June 15, 2006, source: viewauckland.co.nz
By Sara Hewitson Just look at the Stores Department behind door number 133 in Roger Hall’s Glide Time.
Two hundred filing drawers, half a dozen people and piles of paperwork fill that room. They’ve got idleness and inefficiency down pat:
You have to get a form to order a form to order a calculator that’ll take months to arrive (and cost more than retail) in a department that thrives on moving real work aside to make way for blether, bungling and boredom.
Yes, the seventies government office is alive and kicking in Glide Time; its actors bringing this apathetic culture back to life with such accuracy, that the audience likely looked at each character and thought, “hell, didn’t I work with you at the stats department … or ag and fish maybe?”

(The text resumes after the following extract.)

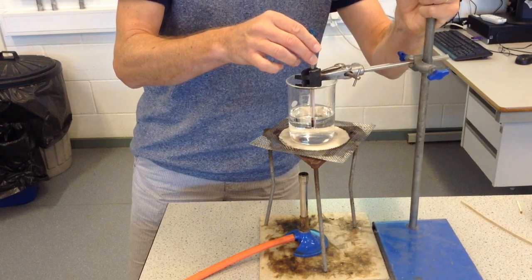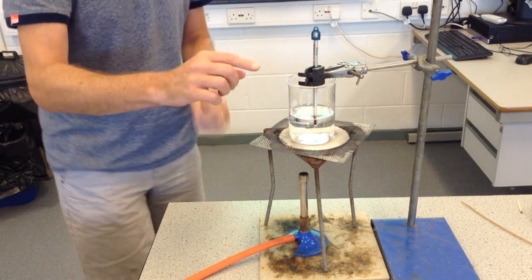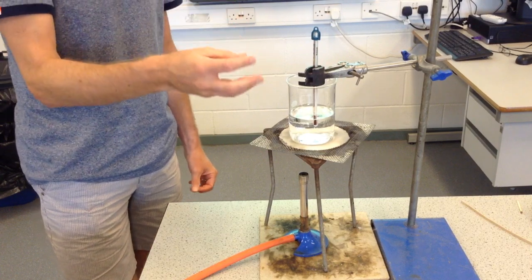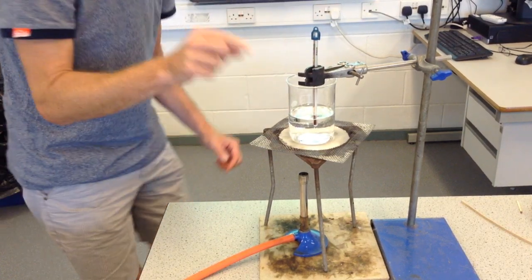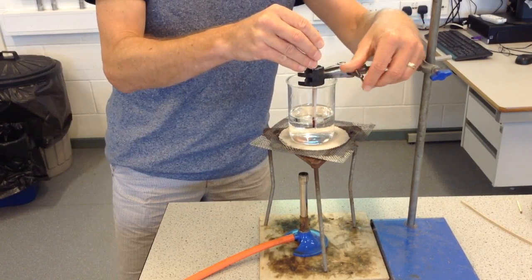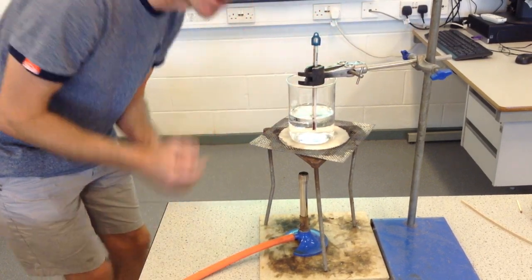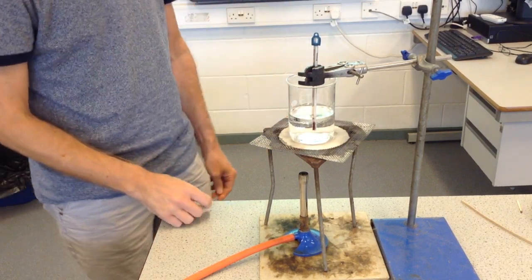I'm going to move that into position. It's important, whenever you measure the temperature of anything, to make sure that the bulb on the thermometer — that red bit at the bottom — is touching the material that you would like to record the temperature of. So I need to make sure that the bulb is in the water, not touching the glass, right at the centre of the water.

A motley crew of Wellingtonians, Glide Time’s staff includes John (Craig Parker), a slicked-down cocky paper-shuffler with a penchant for one-liners; and Jim (Greg Johnson), the disgruntled order taker who’s been a part of the furniture in this place for far too long.
Hugh (Simon Prast) is the Welshman trying to become a Kiwi in the face of family adversity and jingoistic ribbing; Michael (David Van Horn), the naïve new-comer; and Beryl (Theresa Healey), the pudding-shaped spinster with a secret lunchtime interest.
And, we can’t forget Wally’s (Colin Moy) getup or the all-too-real Boss-man’s (Stuart Devenie) classic speech.
These public servants take the mickey out of the capital’s windy weather—“three houses on the hill that weren’t there last night”; fat women—“Beryl, pull up a couple of chairs and sit down”; and political correctness drops to ‘70s levels—“so brown and fat, immigration would only give him a three month work permit.”
But through all the laughter—and Glide Time deservedly gets its fair whack—the vulnerable side of these individuals is exposed. We see people trying to form the semblance of an identity in a stifling environment fed by inane systems and personal anonymity.
Love, loss, hope and naivety and all make an appearance in this brilliant performance. So does polyester, walk socks and brylcreem.
Glide Time may have made its NZ debut in 1976, but thirty years on, its still in tip-top shape.
You can thank these outstanding actors for that … and the director, Oliver Driver. Thumbs up to the set designer, John Verryt and costume designer, Rachael Walker—we bet you both had a ball setting the scene for this show (in-between tea breaks that is).